§ **Exercise details**: Please write out all of the records below exactly as they appear.

§ **Information given**:

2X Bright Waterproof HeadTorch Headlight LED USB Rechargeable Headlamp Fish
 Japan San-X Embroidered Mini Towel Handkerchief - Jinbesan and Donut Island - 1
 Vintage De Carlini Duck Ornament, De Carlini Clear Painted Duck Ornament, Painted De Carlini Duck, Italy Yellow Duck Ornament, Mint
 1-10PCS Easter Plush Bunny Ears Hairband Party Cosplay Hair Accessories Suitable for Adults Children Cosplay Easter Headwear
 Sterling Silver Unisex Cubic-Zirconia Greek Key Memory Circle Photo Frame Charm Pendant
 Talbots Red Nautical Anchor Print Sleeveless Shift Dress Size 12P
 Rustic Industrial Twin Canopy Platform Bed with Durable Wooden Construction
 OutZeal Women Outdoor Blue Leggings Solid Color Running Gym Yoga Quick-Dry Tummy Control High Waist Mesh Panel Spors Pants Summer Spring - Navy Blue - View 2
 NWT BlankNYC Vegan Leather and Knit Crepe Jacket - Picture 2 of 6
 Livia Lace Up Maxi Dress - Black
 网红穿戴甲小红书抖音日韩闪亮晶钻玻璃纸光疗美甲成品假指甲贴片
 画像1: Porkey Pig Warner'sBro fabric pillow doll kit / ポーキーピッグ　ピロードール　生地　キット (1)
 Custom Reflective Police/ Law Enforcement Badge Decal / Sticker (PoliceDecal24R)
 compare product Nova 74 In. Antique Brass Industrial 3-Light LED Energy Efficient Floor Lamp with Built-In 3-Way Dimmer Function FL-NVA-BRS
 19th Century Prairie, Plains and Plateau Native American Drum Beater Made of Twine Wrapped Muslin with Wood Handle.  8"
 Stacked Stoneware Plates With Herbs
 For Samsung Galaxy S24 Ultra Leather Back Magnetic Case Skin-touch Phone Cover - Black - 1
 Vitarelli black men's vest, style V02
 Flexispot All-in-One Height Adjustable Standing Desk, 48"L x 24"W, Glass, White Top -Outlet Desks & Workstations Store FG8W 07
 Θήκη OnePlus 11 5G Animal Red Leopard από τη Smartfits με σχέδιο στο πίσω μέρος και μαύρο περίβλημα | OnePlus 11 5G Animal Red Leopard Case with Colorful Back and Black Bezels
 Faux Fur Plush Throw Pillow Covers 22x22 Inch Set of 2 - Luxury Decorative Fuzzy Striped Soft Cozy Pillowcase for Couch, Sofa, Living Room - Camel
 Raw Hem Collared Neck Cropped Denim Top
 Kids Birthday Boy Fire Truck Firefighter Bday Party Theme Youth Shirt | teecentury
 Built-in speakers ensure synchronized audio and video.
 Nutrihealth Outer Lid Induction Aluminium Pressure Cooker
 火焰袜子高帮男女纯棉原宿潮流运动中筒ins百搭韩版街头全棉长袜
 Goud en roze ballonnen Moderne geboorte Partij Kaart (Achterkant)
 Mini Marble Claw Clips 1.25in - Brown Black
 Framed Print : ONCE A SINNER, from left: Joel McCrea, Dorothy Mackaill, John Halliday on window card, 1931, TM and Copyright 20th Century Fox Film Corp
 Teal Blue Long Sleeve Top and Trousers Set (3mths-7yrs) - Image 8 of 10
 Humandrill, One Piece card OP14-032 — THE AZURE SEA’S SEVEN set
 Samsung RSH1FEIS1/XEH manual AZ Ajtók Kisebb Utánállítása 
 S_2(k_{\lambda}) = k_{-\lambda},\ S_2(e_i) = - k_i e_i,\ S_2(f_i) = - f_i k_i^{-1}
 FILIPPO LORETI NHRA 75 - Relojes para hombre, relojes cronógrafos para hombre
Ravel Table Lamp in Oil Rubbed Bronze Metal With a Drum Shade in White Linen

§ **Expected answer**:
2X Bright Waterproof HeadTorch Headlight LED USB Rechargeable Headlamp Fish
 Japan San-X Embroidered Mini Towel Handkerchief - Jinbesan and Donut Island - 1
 Vintage De Carlini Duck Ornament, De Carlini Clear Painted Duck Ornament, Painted De Carlini Duck, Italy Yellow Duck Ornament, Mint
 1-10PCS Easter Plush Bunny Ears Hairband Party Cosplay Hair Accessories Suitable for Adults Children Cosplay Easter Headwear
 Sterling Silver Unisex Cubic-Zirconia Greek Key Memory Circle Photo Frame Charm Pendant
 Talbots Red Nautical Anchor Print Sleeveless Shift Dress Size 12P
 Rustic Industrial Twin Canopy Platform Bed with Durable Wooden Construction
 OutZeal Women Outdoor Blue Leggings Solid Color Running Gym Yoga Quick-Dry Tummy Control High Waist Mesh Panel Spors Pants Summer Spring - Navy Blue - View 2
 NWT BlankNYC Vegan Leather and Knit Crepe Jacket - Picture 2 of 6
 Livia Lace Up Maxi Dress - Black
 网红穿戴甲小红书抖音日韩闪亮晶钻玻璃纸光疗美甲成品假指甲贴片
 画像1: Porkey Pig Warner'sBro fabric pillow doll kit / ポーキーピッグ　ピロードール　生地　キット (1)
 Custom Reflective Police/ Law Enforcement Badge Decal / Sticker (PoliceDecal24R)
 compare product Nova 74 In. Antique Brass Industrial 3-Light LED Energy Efficient Floor Lamp with Built-In 3-Way Dimmer Function FL-NVA-BRS
 19th Century Prairie, Plains and Plateau Native American Drum Beater Made of Twine Wrapped Muslin with Wood Handle.  8"
 Stacked Stoneware Plates With Herbs
 For Samsung Galaxy S24 Ultra Leather Back Magnetic Case Skin-touch Phone Cover - Black - 1
 Vitarelli black men's vest, style V02
 Flexispot All-in-One Height Adjustable Standing Desk, 48"L x 24"W, Glass, White Top -Outlet Desks & Workstations Store FG8W 07
 Θήκη OnePlus 11 5G Animal Red Leopard από τη Smartfits με σχέδιο στο πίσω μέρος και μαύρο περίβλημα | OnePlus 11 5G Animal Red Leopard Case with Colorful Back and Black Bezels
 Faux Fur Plush Throw Pillow Covers 22x22 Inch Set of 2 - Luxury Decorative Fuzzy Striped Soft Cozy Pillowcase for Couch, Sofa, Living Room - Camel
 Raw Hem Collared Neck Cropped Denim Top
 Kids Birthday Boy Fire Truck Firefighter Bday Party Theme Youth Shirt | teecentury
 Built-in speakers ensure synchronized audio and video.
 Nutrihealth Outer Lid Induction Aluminium Pressure Cooker
 火焰袜子高帮男女纯棉原宿潮流运动中筒ins百搭韩版街头全棉长袜
 Goud en roze ballonnen Moderne geboorte Partij Kaart (Achterkant)
 Mini Marble Claw Clips 1.25in - Brown Black
 Framed Print : ONCE A SINNER, from left: Joel McCrea, Dorothy Mackaill, John Halliday on window card, 1931, TM and Copyright 20th Century Fox Film Corp
 Teal Blue Long Sleeve Top and Trousers Set (3mths-7yrs) - Image 8 of 10
 Humandrill, One Piece card OP14-032 — THE AZURE SEA’S SEVEN set
 Samsung RSH1FEIS1/XEH manual AZ Ajtók Kisebb Utánállítása 
 S_2(k_{\lambda}) = k_{-\lambda},\ S_2(e_i) = - k_i e_i,\ S_2(f_i) = - f_i k_i^{-1}
 FILIPPO LORETI NHRA 75 - Relojes para hombre, relojes cronógrafos para hombre
Ravel Table Lamp in Oil Rubbed Bronze Metal With a Drum Shade in White Linen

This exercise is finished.